Zudem solle die Task Force Informationen über die Abzuschiebenden sammeln und somit sicherstellen, dass alle an der Abschiebung beteiligten Behörden - etwa Polizei und die Ausländerbehörde des Kreises - die Informationen wenn nötig auch erhalten. "Wir wollen das Know-How in einer Hand bündeln", so Innenstaatssekretär Schüler.
So etwa bei Strafgefangenen, die direkt aus dem Gefängnis heraus abgeschoben werden sollen. "Wir wollen ein Haftmonitoring machen, damit wir dann auch Kenntnis erhalten von Personen, die aus der Haft entlassen werden", so Schüler. In der Vergangenheit hätten die Ausländerbehörden den Termin oft nicht gekannt und der Strafgefangene sei nach der Haftentlassung in Deutschland geblieben.

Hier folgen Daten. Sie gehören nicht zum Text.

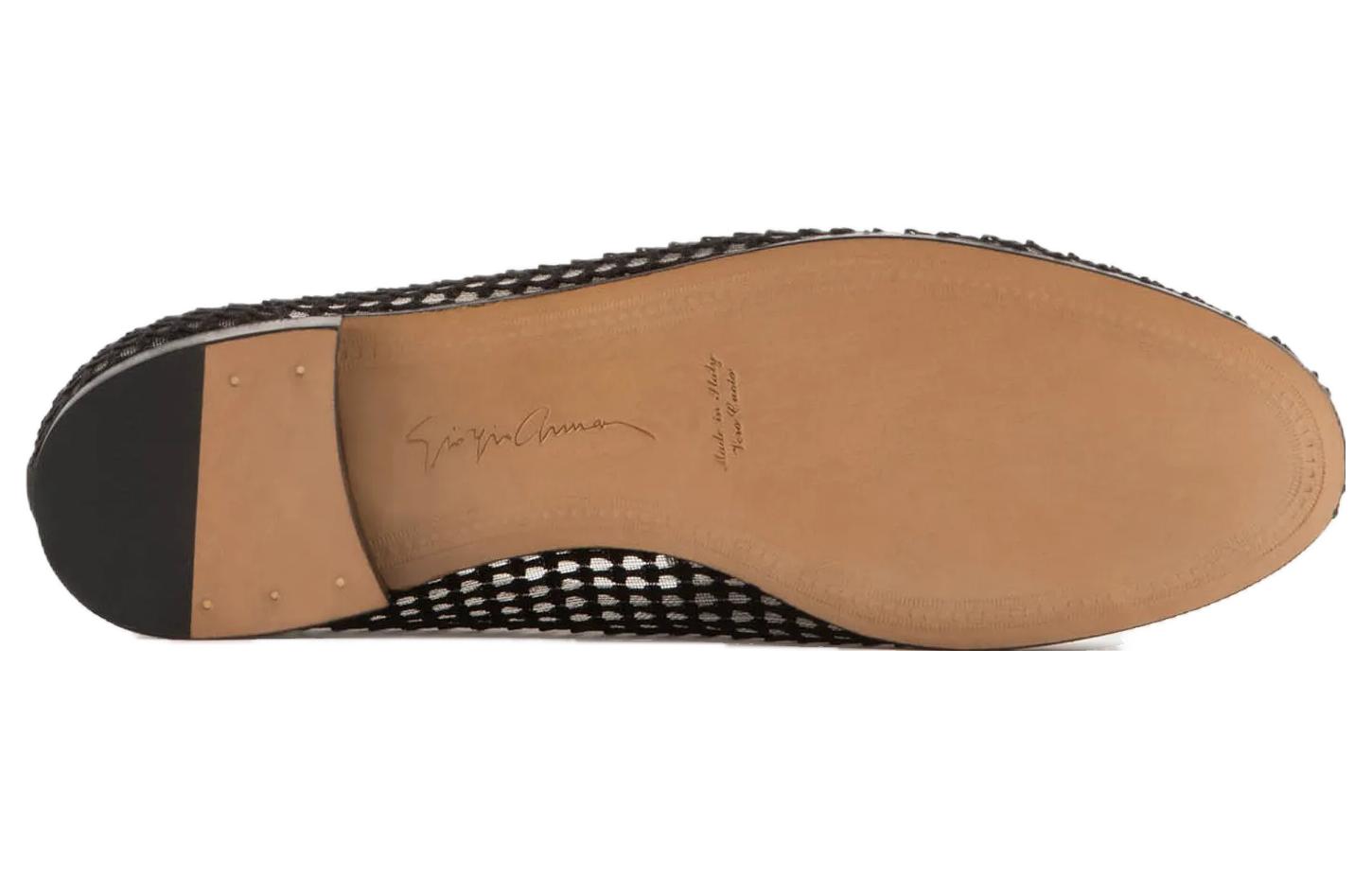 (W) Emporio Armani Mesh Slip-On 'Black Fashion' 圖 5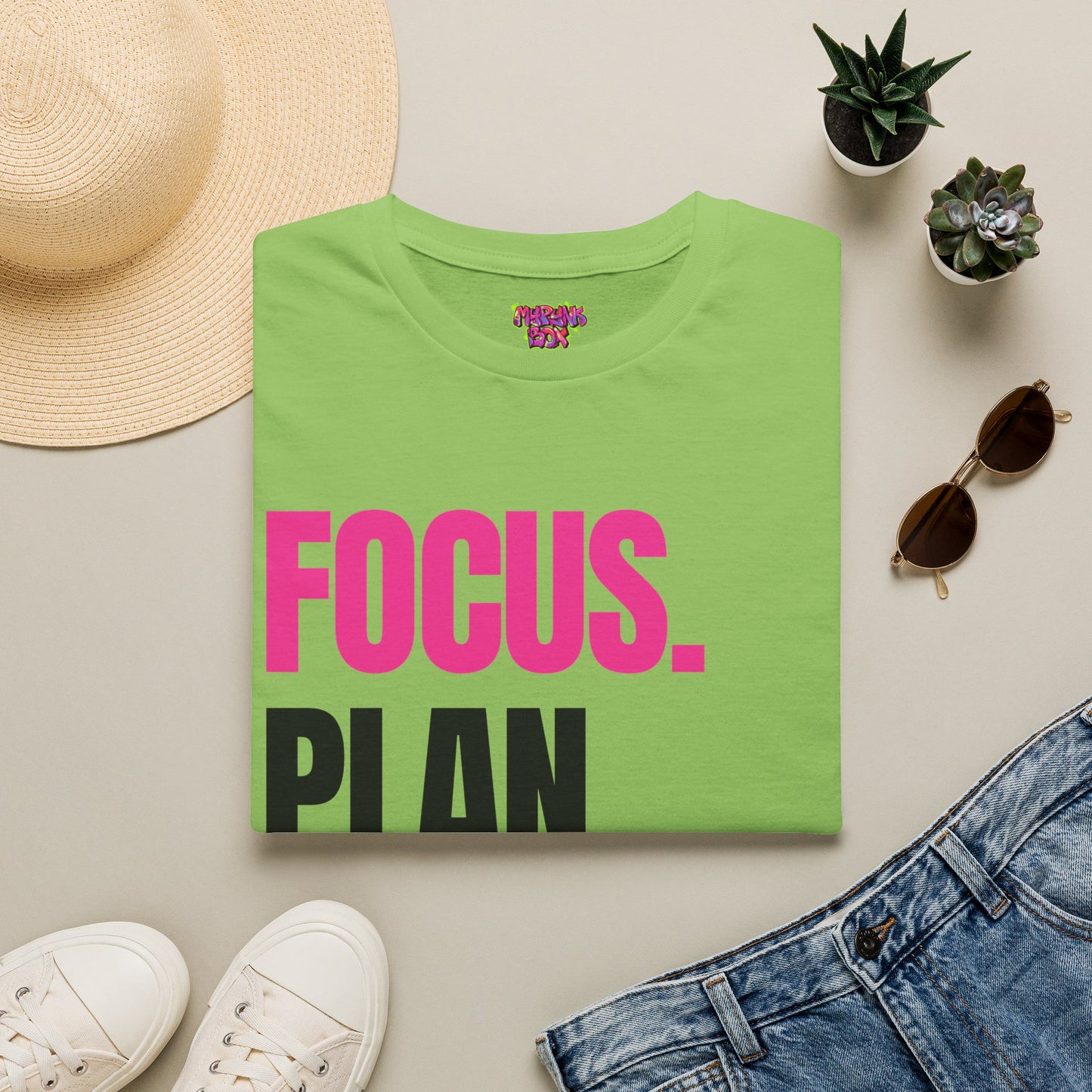 FOCUS. PLAN. EXECUTE. T-Shirt — Motivational Graphic Tee for Productivity & Goal Setting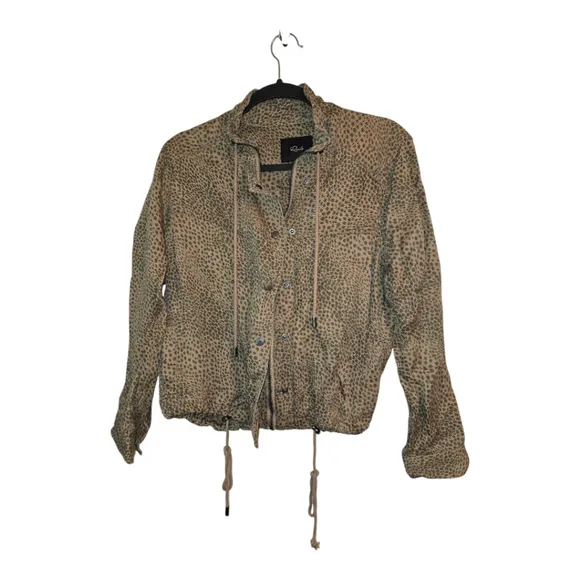 Rails Tawny Leopard Print Jacket Size Small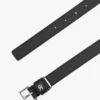 Ceinture en cuir à monogramme intégral Ceinture en cuir à monogramme intégral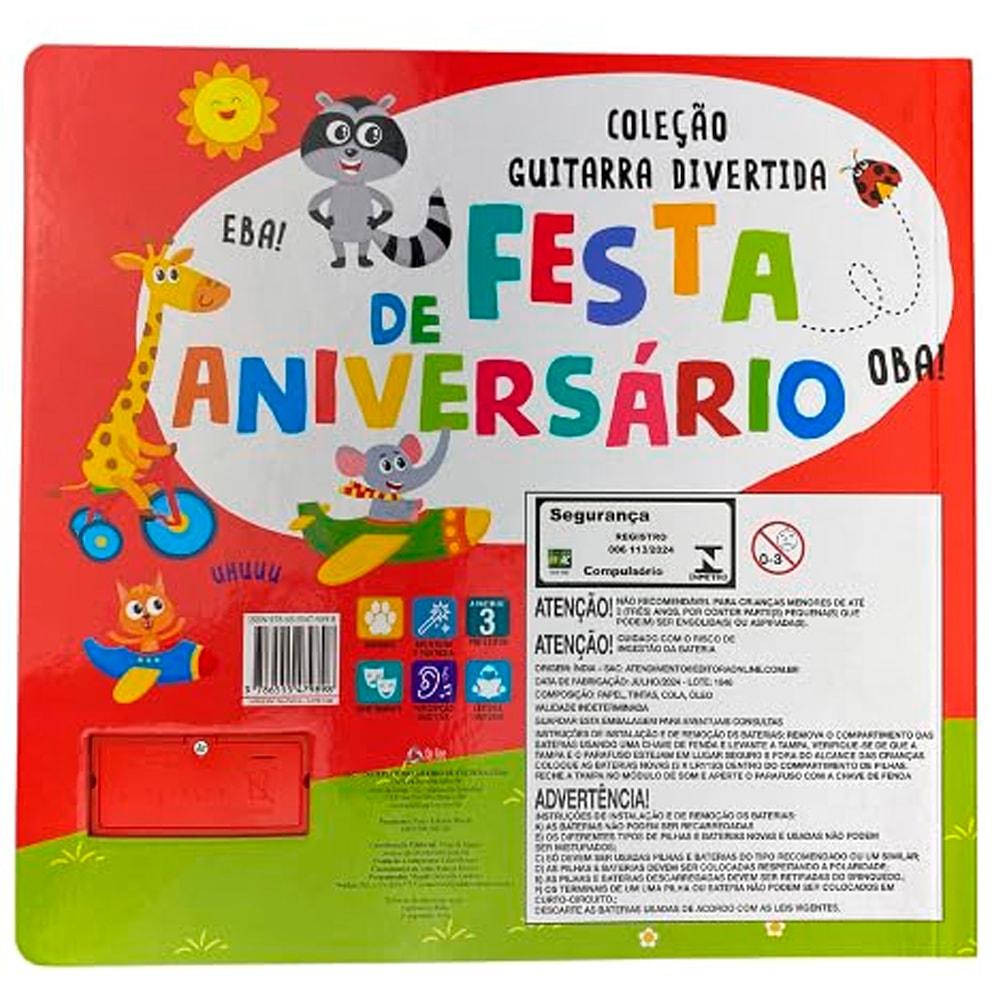 Coleção Guitarra Divertida |  Festa de Aniversário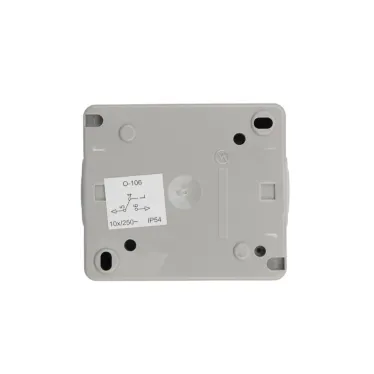Выключатель одноклавишный INDUSTRIAL IP54, о/у, серый
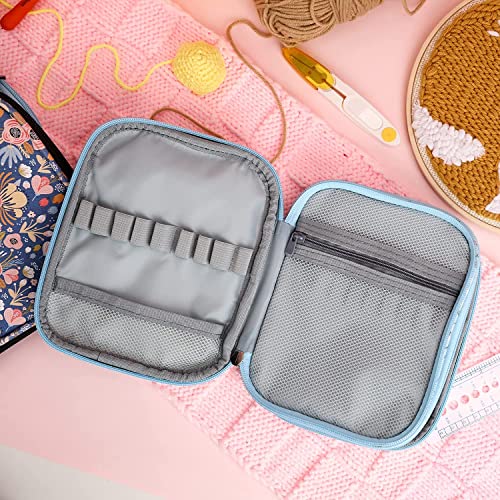 Qzlknit Crochet Hook Case, Portable Knitting Needle Case, Crochet Hook Organizer, Crochet Hook Holder For Crochet Accessories And Supplies （Bag Only） #TOP3
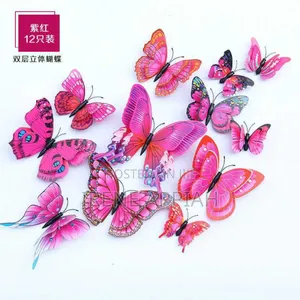 Decorative 3d Butterfly Stickers(12 Pieces)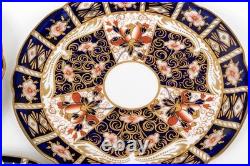 Royal Crown Derby Imari 8.5 In Plates with Scalloped Edge Very Rare 1926 Set of 8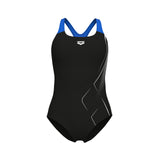 ARENA DIVE SWIMSUIT SWIM PRO BACK - BLACK/BLUE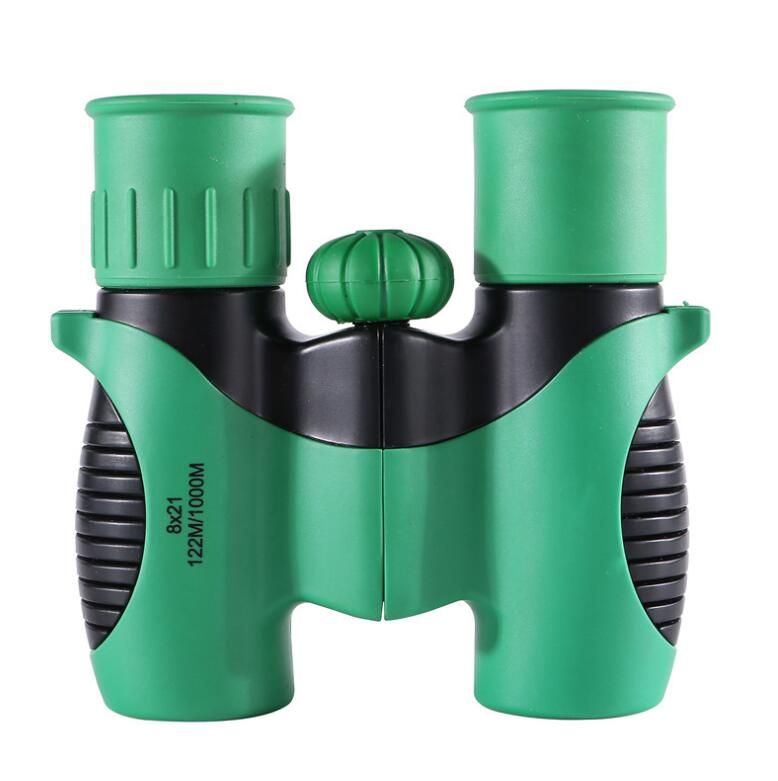 Cartoon Compact Outdoor Observation Custom Plastic Cheap Toy 8X21 Kids Binoculars for Kids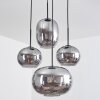 Apedo Suspension, Boule lumineuse, Suspension Fumé, 4 lumières Apedo Suspension, Boule lumineuse, Suspension Fumé, 4 lumières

Derzeit gebe es wegen Corona kaum Flüge und somit auch keine Abschiebungen. Das könne sich im Herbst jedoch ändern.
Kritik von den Linken
Die oppositionelle Linke in Brandenburg begegnet der neuen Task Force mit Skepsis. "Wir wissen rein gar nichts darüber, es gab bisher keine Information an den Innenausschuss", sagte die Landtagsabgeordnete Andrea Johlige. Innenstaatssekretär Schüler wies den Vorwurf zurück. Johlige fügte hinzu: "Das Wichtigste, das Brandenburg braucht, ist eine gute Integration. Das wäre für mich immer die Priorität in der Flüchtlingspolitik."
Unterstützung für die Task Force kommt hingegen von den Grünen im Landtag. "Wir haben den Koalitionsvertrag ja auch unterschrieben und ich halte die Aufregung für übertrieben", sagte die Grünen-Abgeordnete Marie Schäffer dem rbb. "Es werden keine neuen Abschiebegründe geschaffen. Es macht Sinn, die Ressourcen zu bündeln für die, die mehrfach Straftaten begangen haben." Die Task Force werde lediglich "bestehendes Recht umsetzen".
Bisher keine Bewerber für die Sachbearbeiterstelle
Die neue Einheit startet zunächst mit nur fünf statt der geplanten sieben Mitarbeiter: In der Zentralen Ausländerbehörde in Eisenhüttenstadt sind die Beschäftigten bereits im Dienst. Im Ministerium wird der erfahrene Polizist, der die Gruppe leiten soll, seinen Dienst erst am 1. September antreten.
Die Stelle des ihm zugeteilten Sachbearbeiters ist nach einer internen Ausschreibung sogar noch frei. "Weil sich niemand beworben hat", sagte Schüler. Nun werde die Stelle landesweit ausgeschrieben.